Jim Grant (Robert Redford), um advogado que vive pacificamente com a sua filha de onze anos Isabel (Jackie Evancho), é supostamente desmascarado por um intrometido jornalista de um periódico local (Shia LaBeouf). Pondo-se em fuga com o objetivo de limpar o seu nome e dar um futuro à filha, vai reconstruindo os laços com um passado que tinha sido bem-sucedido em apagar até ali – mas que retorna de forma dramática e ameaça a sua vida presente.
Esse ponto de partida serve para o argumento ir desconstruindo uma complexa teia de segredos que envolve um passado oculto e enigmático. Ao mesmo tempo que é bem-sucedido ao criar uma história cheia de mistérios e lembranças dolorosas, a obra concentra-se naquele que é o seu ponto fulcral – as alterações na sociedade no que se refere à perceção da revolução social.
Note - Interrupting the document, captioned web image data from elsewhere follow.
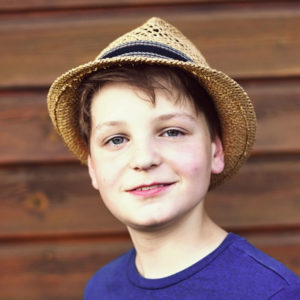 Jsme na syna pyšní, je obdivuhodně statečný, že tak náročnou léčbu zvládá&nbsp;-&nbsp;příběh Vojty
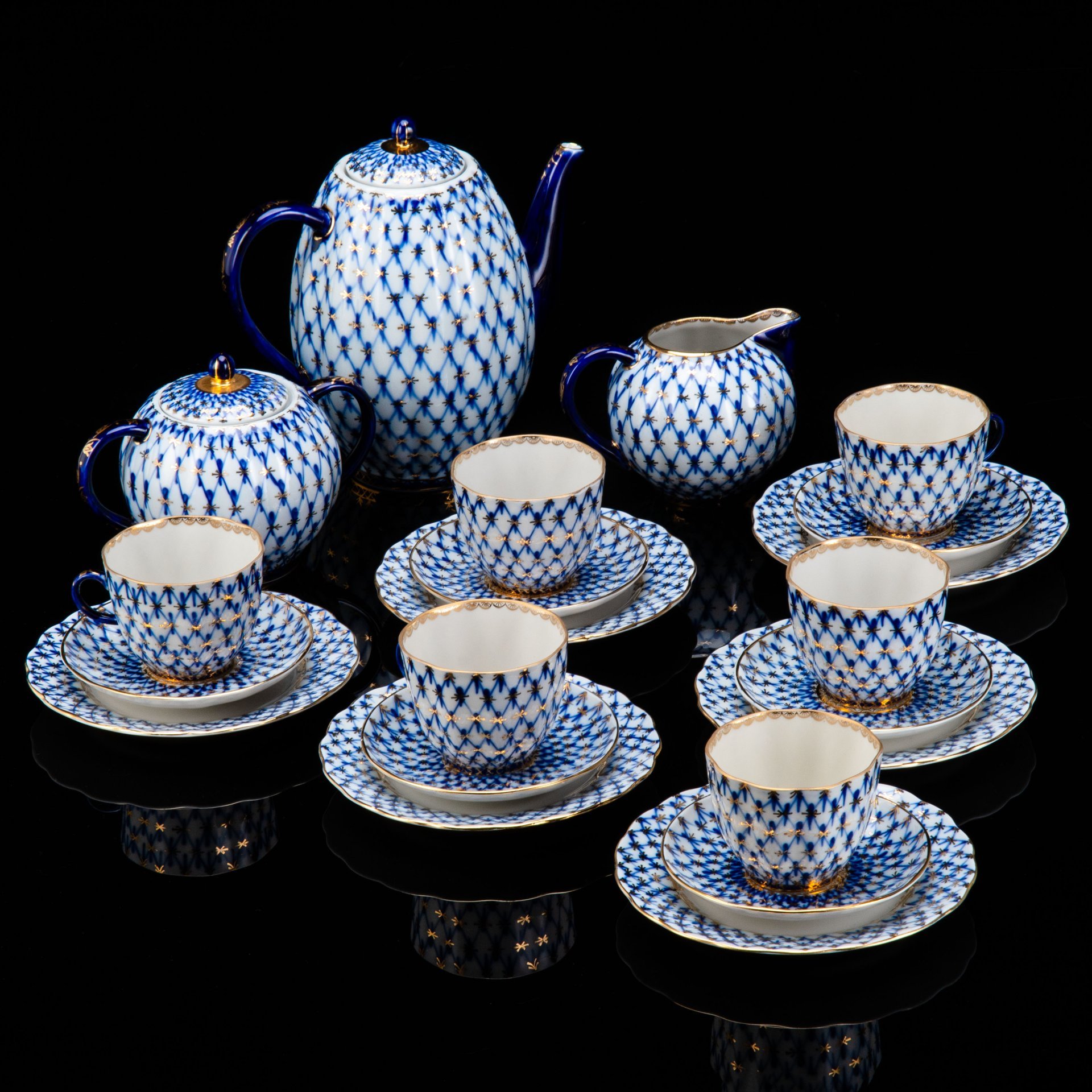 Сервиз кофейный на 6 персон "Кобальтовая сетка" (21 предмет), автор формы "Тюльпан" С.Е. Яковлева, автор рисунка А.А. Яцкевич, фарфор, роспись подглазурная, золочение, Ленинградский фарфоровый завод (ЛФЗ), СССР, 1970-1992 гг.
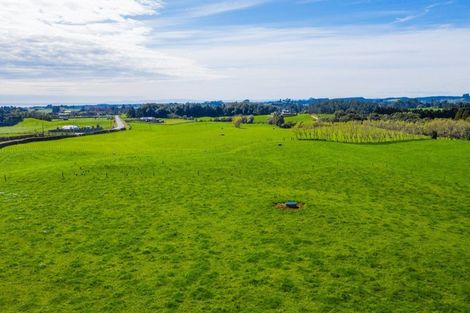 Photo of property in 869 Carrington Road, Hurworth, New Plymouth, 4371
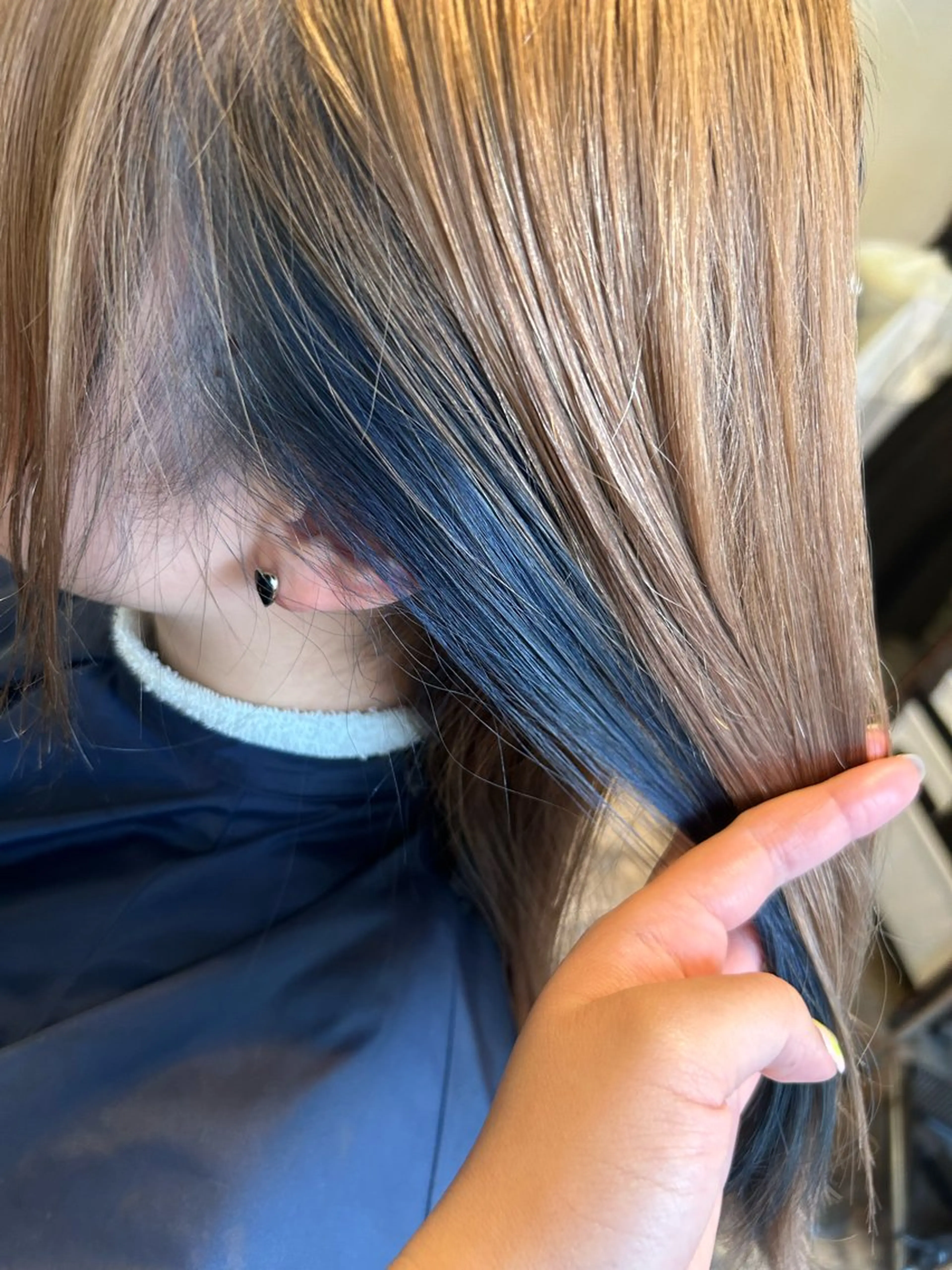 ロング 谷 未来美のヘアスタイル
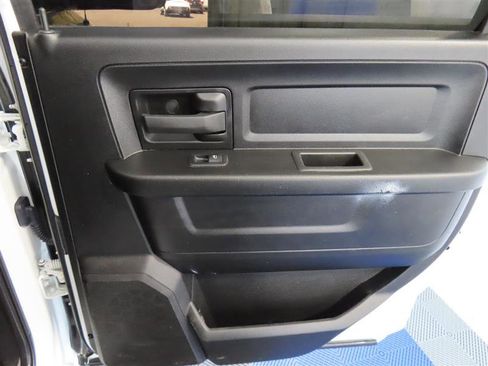 Used 2022 RAM 1500 Tradesman w/ Chrome Appearance Group AWD/4WD image 29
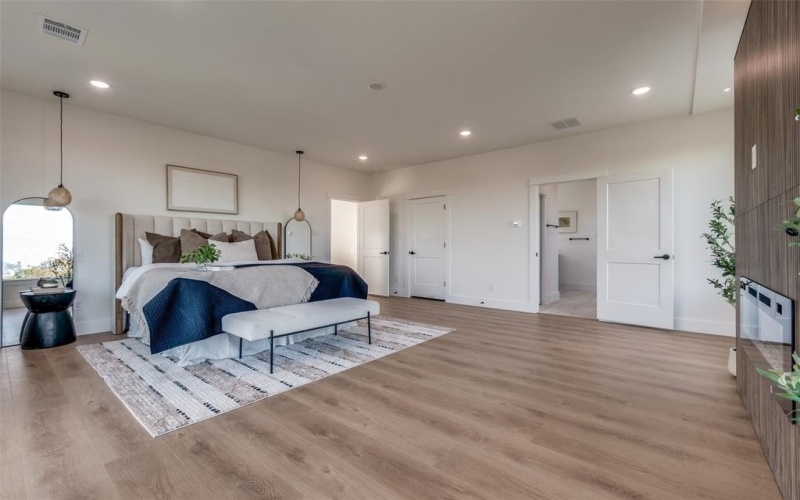 325 N Moore, Dallas, TX 75203, 4 Bedrooms Bedrooms, ,5 BathroomsBathrooms,Residential,For Sale,325 N Moore,0,21080905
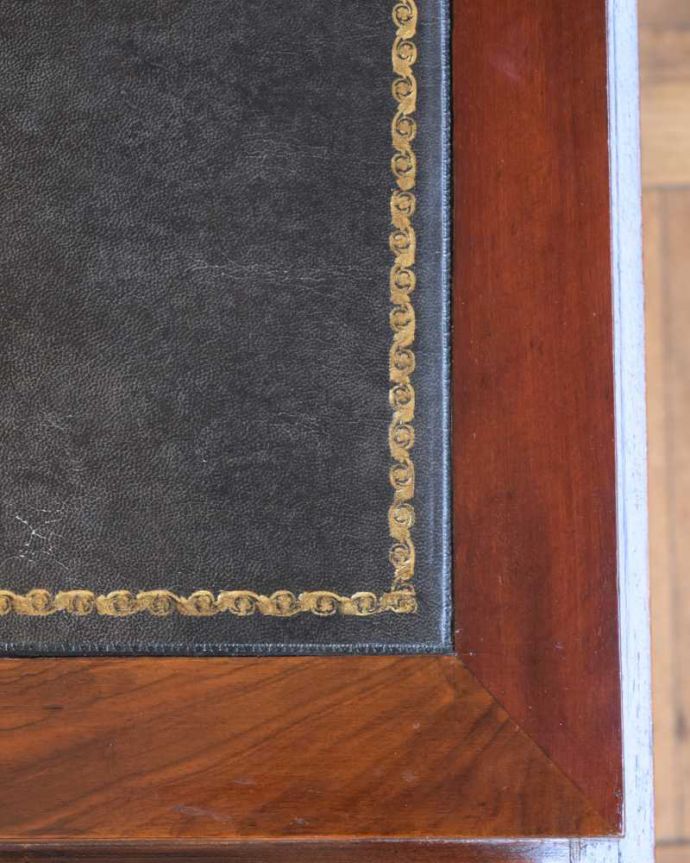 ビューロー　アンティーク家具　イギリスで見つけた高級感たっぷりなアンティークのライティングビューロー。デスクの天板を見てみると･･･気になる天板部分もキレイにお直ししました。(q-1736-f)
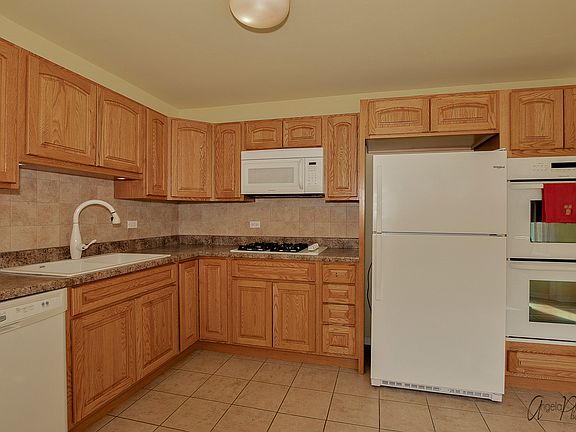 4th image of 3206 N Volz Dr E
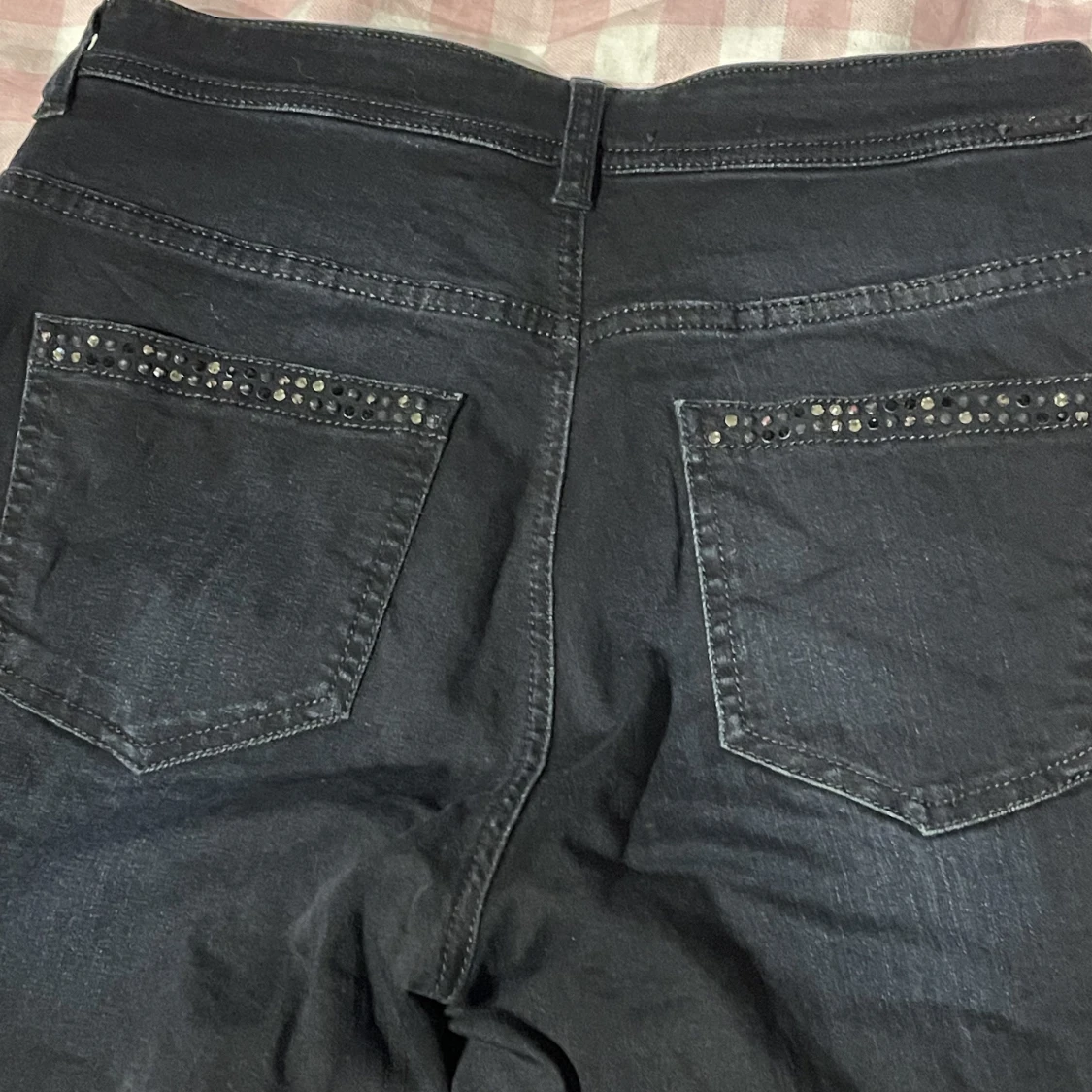 Jeans med rhinestones  - 90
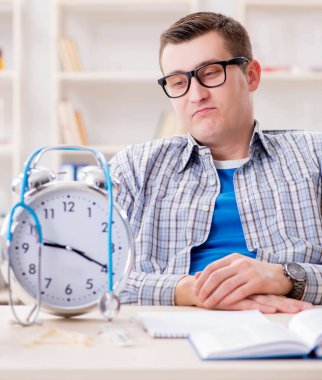 Tıp öğrencisinin ödevini tamamlaması için son teslim tarihi eksik.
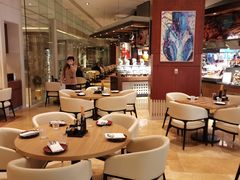 -怡咖啡海鲜自助餐厅(浦东香格里拉店)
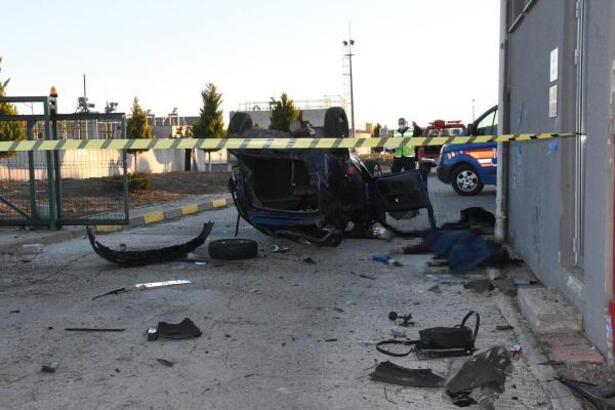 Arıtma Tesisinin Duvarına Çarpan Araç Sürücüsü Öldü Tekirdağ'ın Çorlu ilçesinde, sürücünün kontrolünü yitirdiği otomobil Türkgücü Organize Sanayi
Isto porque o ponto-chave do passado dos personagens é o envolvimento com a organização dos Weathermen, cuja ação revolucionária (com ocasionais atos violentos) era justificada por uma “declaração de guerra” ao governo militarista de Nixon. Esta evolução, abordada num diálogo fundamental entre o foragido Grant e um ex-militante agora professor universitário (Richard Jenkins) remete claramente para uma sobreposição do individual, do moral e do sentimental sobre a lógica de guerrilha.
É certo que, dentro deste debate, precisamente o tema da cena central do filme – a conversa entre Grant e uma ex-partner vivida por Julie Christie (que depois da nomeação ao Oscar, em 2008, continua a envelhecer em grande forma), Redford não vai muito além do registo destas mudanças. Por outras palavras, fica-se imerso na lógica do “pai de família” versus o revolucionário. De qualquer forma, “As Regras do Silêncio” contribui enormemente contra a acefalia no cinema, provando que é possível fazer entretenimento com inteligência.